**YOUR TASK:**
Repeat the data in full. Drop every picture.

◆ ◆ ◆ ◆ ◆ ◆ ◆

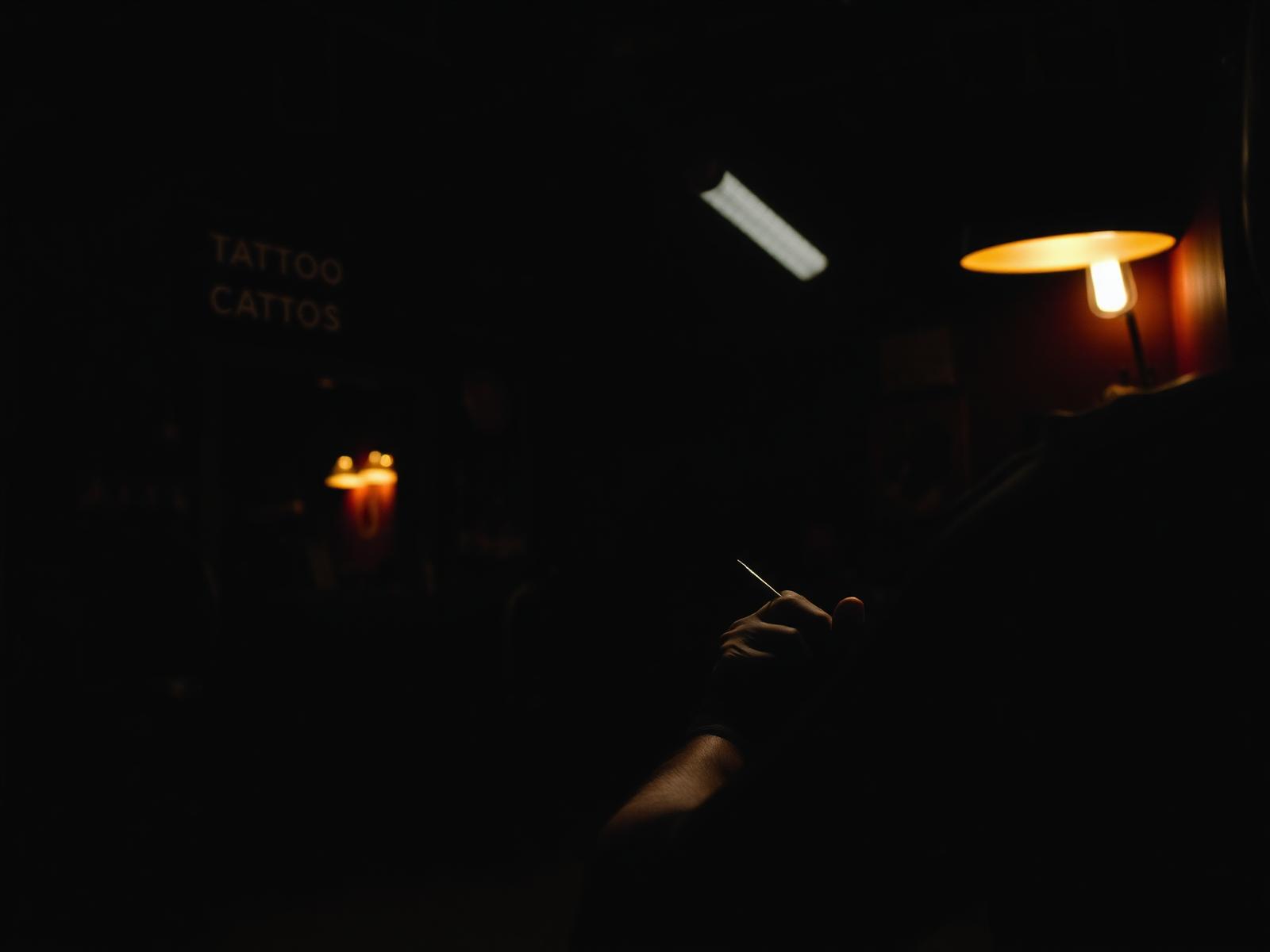 Tattoo artist at work at Ink Invasion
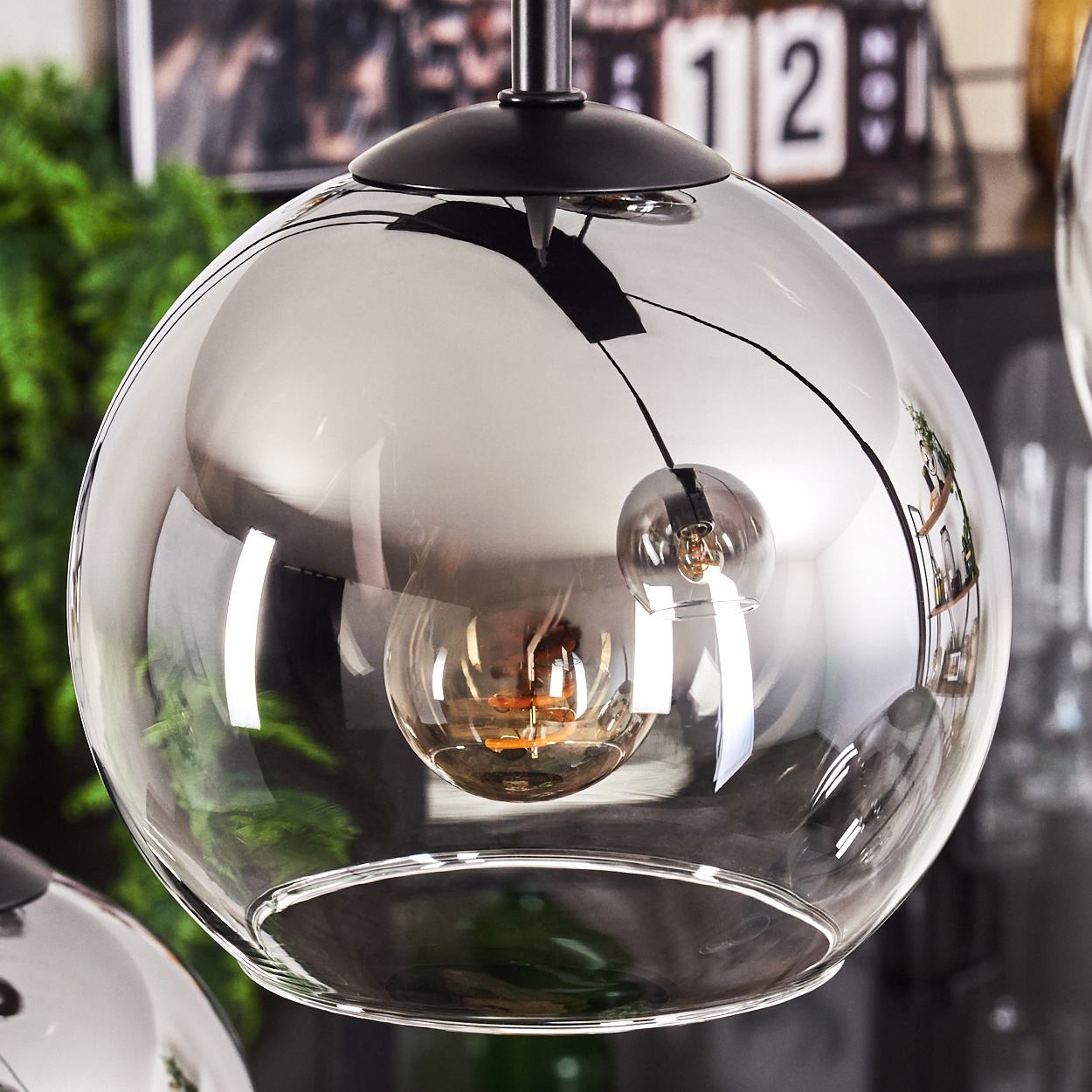 Nahaufnahme einer kugelförmigen Glaslampe mit einer Glühbirne im Inneren. Die Lampe spiegelt die Umgebung wider.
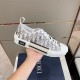Hand holding single grey Dior B23 trainer highlighting side design details in grey and white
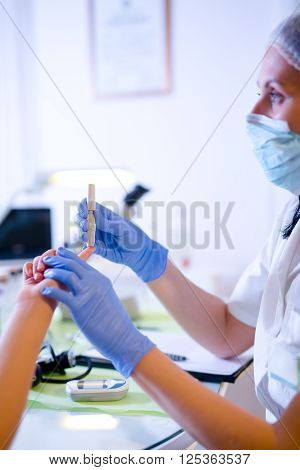Measure child glucose level blood test diabetes little girl using glucometer selective focus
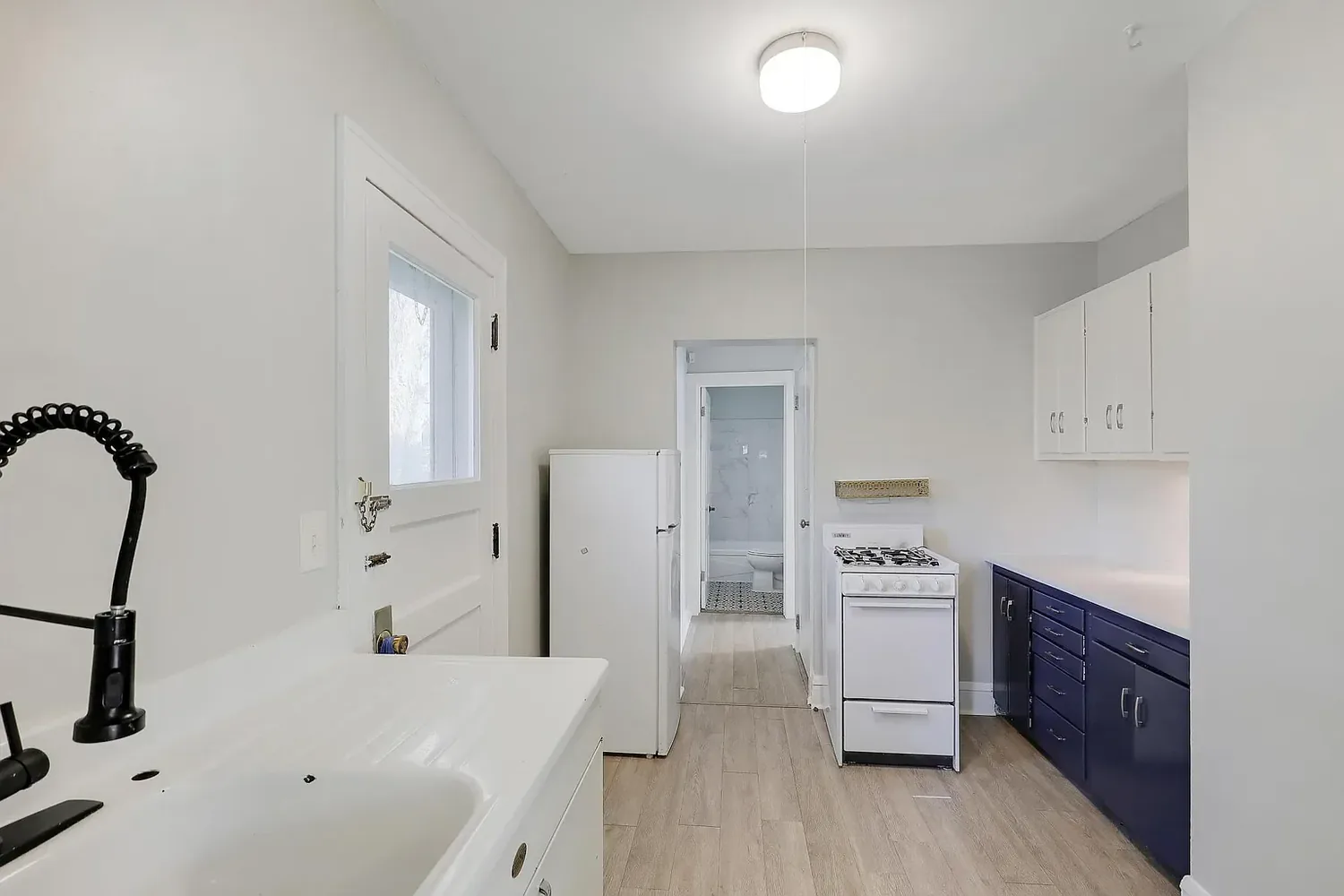 Kitchen after painting, with grey walls and white ceiling alongside updated cabinetry
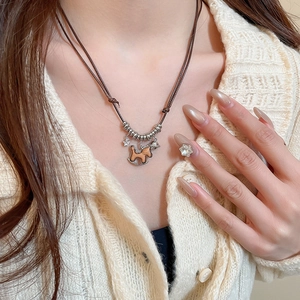 Detail of wooden rocking horse pendant necklace with metal star on beige sweater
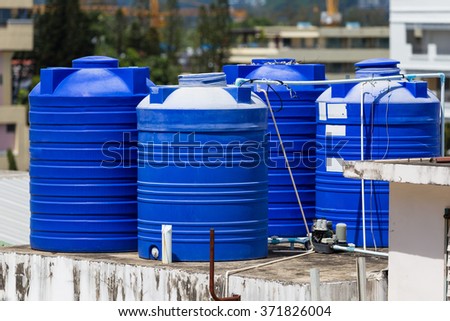 Blue water tanks of industrial building on roof top or deck in Phuket
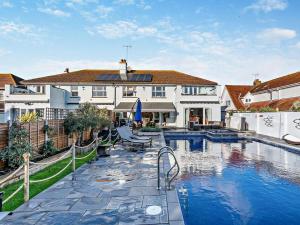 a house with a swimming pool in front of a house at 4 Bed in Bognor Regis oc-81446 in Bognor Regis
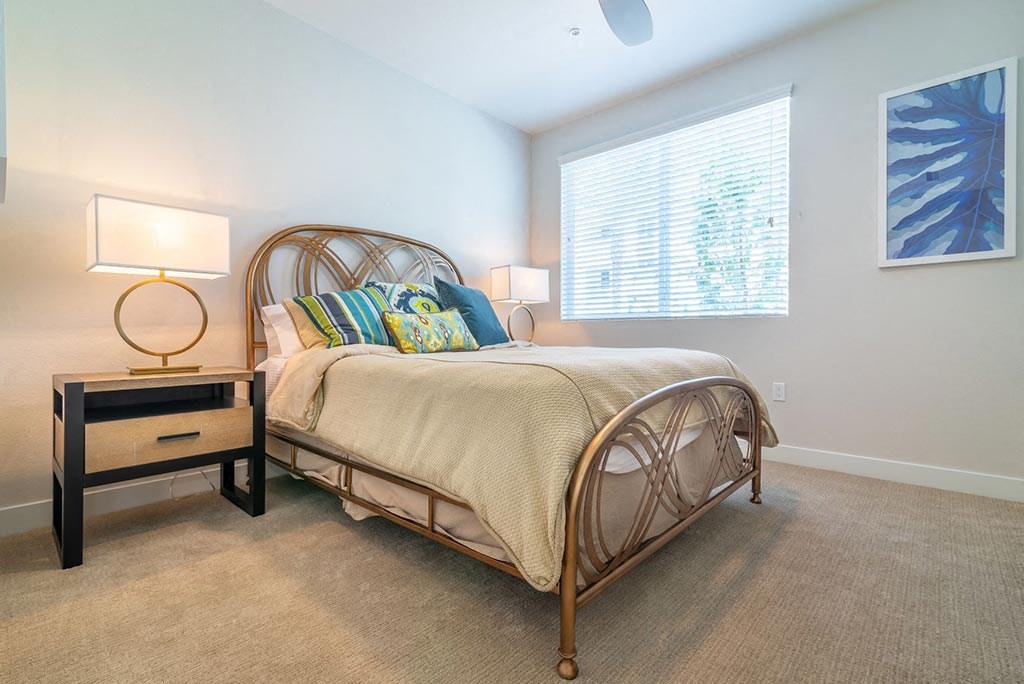 Bedroom with bed at Montecito Apartments at Carlsbad, California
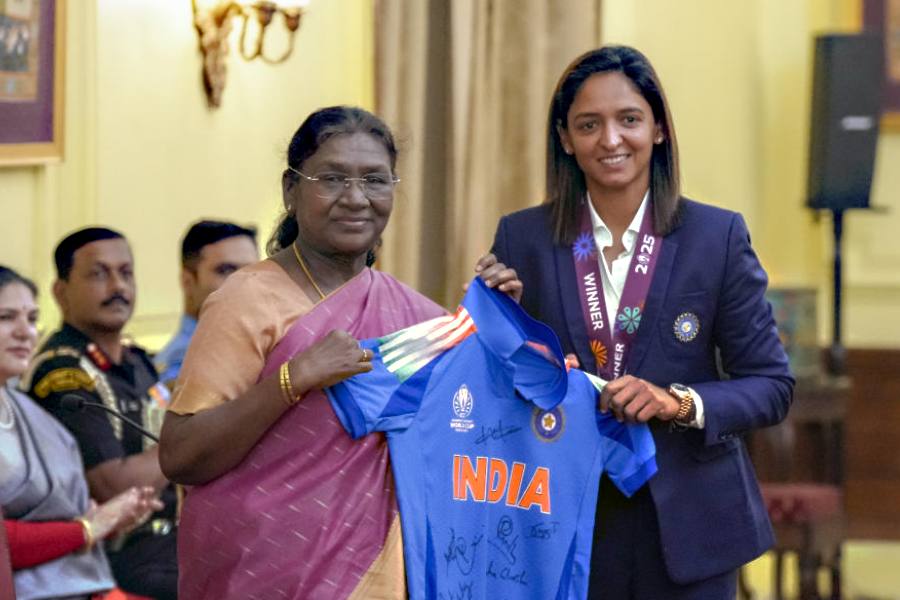 President Droupadi Murmu being presented the team's jersey by women's cricket team captain Harmanpreet Kaur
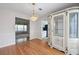 Elegant dining area with hardwood floors features a large decorative china cabinet at 2550 Columbia Crossing Ct, Decatur, GA 30034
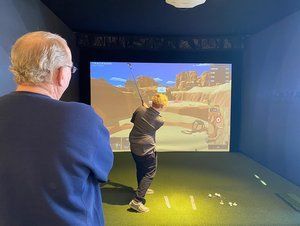 A man is playing a video game of golf in a simulator.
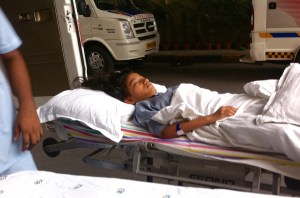 On the stretcher about to go into the ambulance between MRI and EEG.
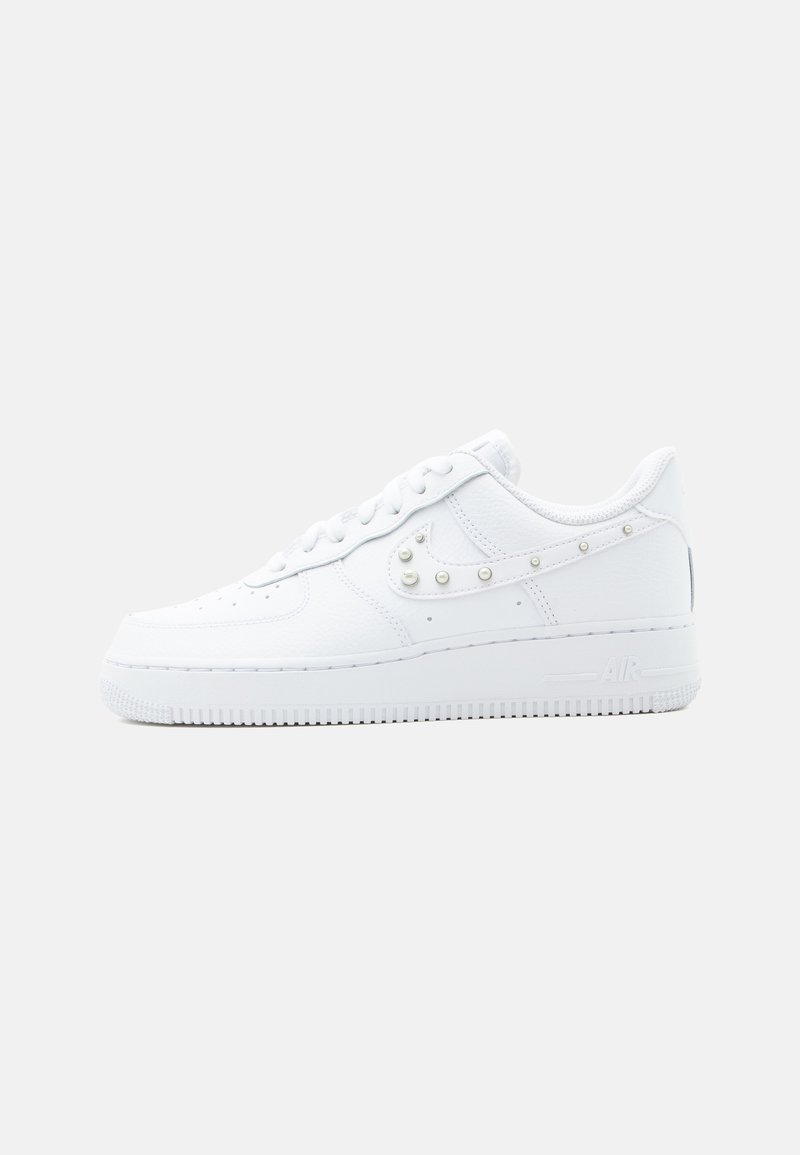 Λευκό αθλητικό παπούτσι Nike Air Force 1 με διακοσμητικό Swoosh με τρουκς και χοντρή σόλα, παρουσιάζεται σε απλό ανοιχτό γκρι φόντο.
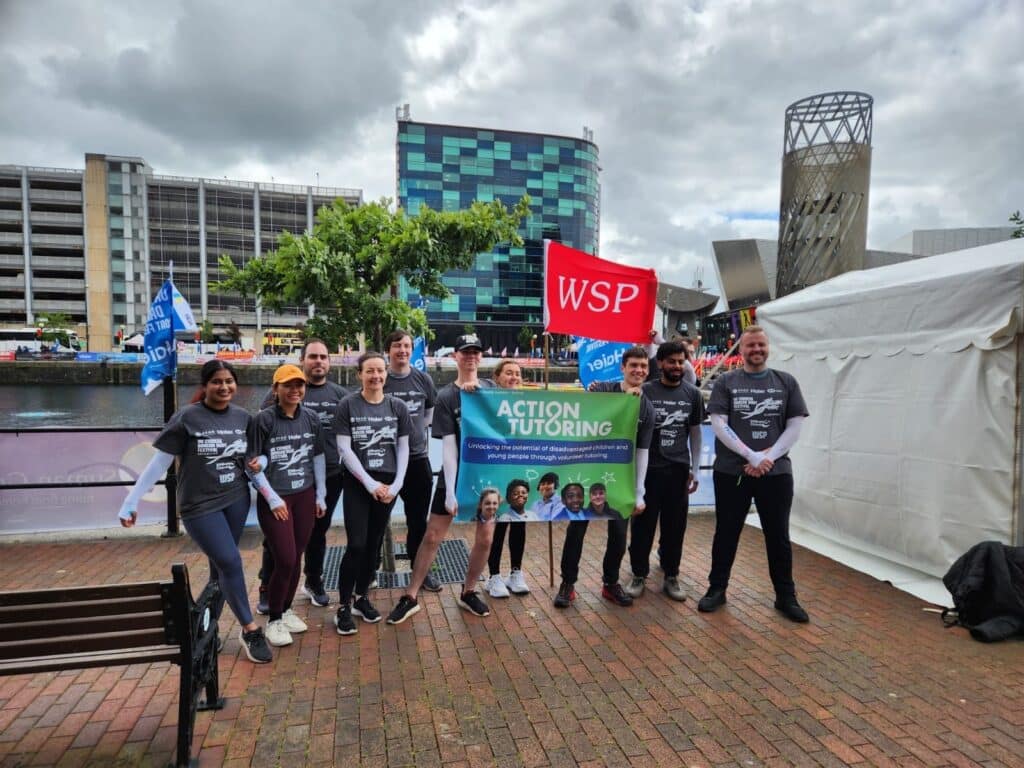 Group of ten people by the Salford Quays, holding a red WSP flag and an Action Tutoring banner.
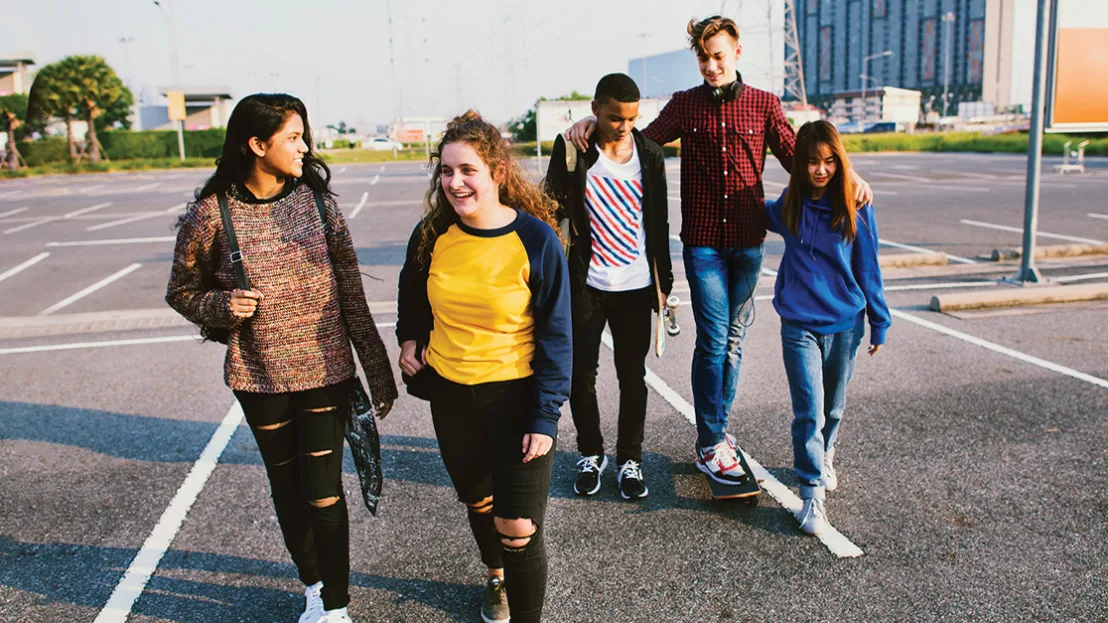 A group of young people engaged in conversation walk across an outdoor asphalt basketball court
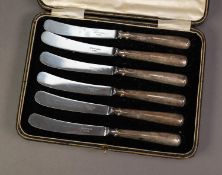 GEORGE V CASED SET OF SIX AFTERNOON TEA KNIVES WITH RAT TAIL PATTERN FILLED SILVER HANDLES,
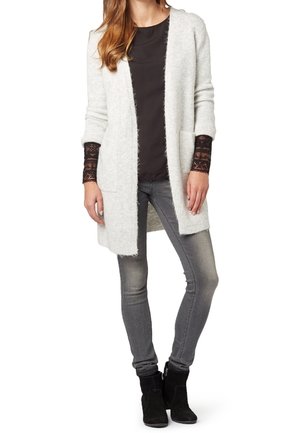 Helles grauer langer Cardigan aus einem weichen, strukturierten Stoff, mit Seitentaschen und offener Vorderseite. Getragen über einem dunklen Oberteil und grauen Skinny Jeans.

◆ ◆ ◆ ◆ ◆ ◆ ◆

**RESULT OF THIS EXERCISE:**
 Tattoo artist at work at Ink Invasion
 Nahaufnahme einer kugelförmigen Glaslampe mit einer Glühbirne im Inneren. Die Lampe spiegelt die Umgebung wider.
Hand holding single grey Dior B23 trainer highlighting side design details in grey and white
Measure child glucose level blood test diabetes little girl using glucometer selective focus
 Kitchen after painting, with grey walls and white ceiling alongside updated cabinetry
 Detail of wooden rocking horse pendant necklace with metal star on beige sweater
 Blue water tanks of industrial building on roof top or deck in Phuket
 a house with a swimming pool in front of a house at 4 Bed in Bognor Regis oc-81446 in Bognor Regis
 Bedroom with bed at Montecito Apartments at Carlsbad, California
 President Droupadi Murmu being presented the team's jersey by women's cricket team captain Harmanpreet Kaur
 Elegant dining area with hardwood floors features a large decorative china cabinet at 2550 Columbia Crossing Ct, Decatur, GA 30034
 A man is playing a video game of golf in a simulator.
 On the stretcher about to go into the ambulance between MRI and EEG.
 Λευκό αθλητικό παπούτσι Nike Air Force 1 με διακοσμητικό Swoosh με τρουκς και χοντρή σόλα, παρουσιάζεται σε απλό ανοιχτό γκρι φόντο.
 Group of ten people by the Salford Quays, holding a red WSP flag and an Action Tutoring banner.
 A group of young people engaged in conversation walk across an outdoor asphalt basketball court
 GEORGE V CASED SET OF SIX AFTERNOON TEA KNIVES WITH RAT TAIL PATTERN FILLED SILVER HANDLES,
 Helles grauer langer Cardigan aus einem weichen, strukturierten Stoff, mit Seitentaschen und offener Vorderseite. Getragen über einem dunklen Oberteil und grauen Skinny Jeans.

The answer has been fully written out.